Material for this task
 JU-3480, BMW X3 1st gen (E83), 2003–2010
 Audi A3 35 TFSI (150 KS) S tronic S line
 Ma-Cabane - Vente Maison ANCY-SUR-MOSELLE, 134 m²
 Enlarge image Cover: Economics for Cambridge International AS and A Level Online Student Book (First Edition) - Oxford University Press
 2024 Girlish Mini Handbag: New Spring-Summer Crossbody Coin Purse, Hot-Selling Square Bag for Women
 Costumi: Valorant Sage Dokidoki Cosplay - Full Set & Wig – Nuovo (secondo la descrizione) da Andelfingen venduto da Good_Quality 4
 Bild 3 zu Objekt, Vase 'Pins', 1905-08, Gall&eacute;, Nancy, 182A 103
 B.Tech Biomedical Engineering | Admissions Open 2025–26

Task statement
Reproduce all the records shown above, unchanged.

Answer to the problem
 JU-3480, BMW X3 1st gen (E83), 2003–2010
 Audi A3 35 TFSI (150 KS) S tronic S line
 Ma-Cabane - Vente Maison ANCY-SUR-MOSELLE, 134 m²
 Enlarge image Cover: Economics for Cambridge International AS and A Level Online Student Book (First Edition) - Oxford University Press
 2024 Girlish Mini Handbag: New Spring-Summer Crossbody Coin Purse, Hot-Selling Square Bag for Women
 Costumi: Valorant Sage Dokidoki Cosplay - Full Set & Wig – Nuovo (secondo la descrizione) da Andelfingen venduto da Good_Quality 4
 Bild 3 zu Objekt, Vase 'Pins', 1905-08, Gall&eacute;, Nancy, 182A 103
 B.Tech Biomedical Engineering | Admissions Open 2025–26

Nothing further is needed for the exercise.